In diesem Bachelorseminar werden wir uns mit einem kulturwissenschaftlichen und literaturwissenschaftlichen Fokus verschiedenen lateinamerikanischen schamanistischen Traditionen, deren Verständnis von Gesundheit, Krankheit und Heilung sowie Fragen des Bewusstseins beschäftigen.

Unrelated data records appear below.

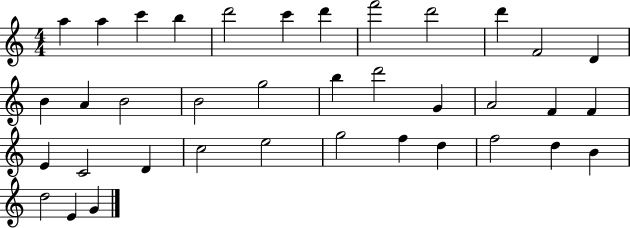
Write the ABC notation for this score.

X:1
T:Untitled
M:4/4
L:1/4
K:C
a a c' b d'2 c' d' f'2 d'2 d' F2 D B A B2 B2 g2 b d'2 G A2 F F E C2 D c2 e2 g2 f d f2 d B d2 E G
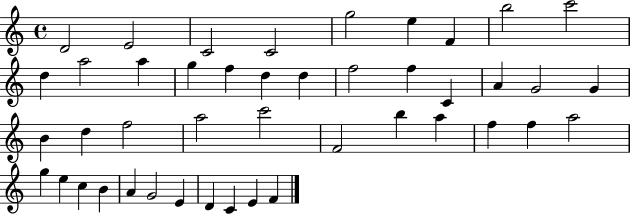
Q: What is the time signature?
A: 4/4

Hierbei sollen nach einführenden theoretischen Texten über Schamanismus, Transpersonalität und den Erfahrungsbegriff unter Einbeziehung von ausgewählten neurowissenschaftlichen Texten drei paradigmatische Organismen und deren geschichtlich über viele Jahrhunderte tradierte Verwendung besonders im Vordergrund stehen: Psilocybin-haltige Pilze, die in der aztekischen Kultur den Namen ‚Teōnanácatl‘ (Gott-Pilz) erhielten und heute meist unter dem Namen ‚Magic Mushrooms‘ bekannt sind, der in Mexiko und Texas vorkommende Meskalin-haltige Peyote-Kaktus (im Aztekischen ‚peyōtl‘) sowie der DMT-haltige Pflanzensud Ayahuasca. 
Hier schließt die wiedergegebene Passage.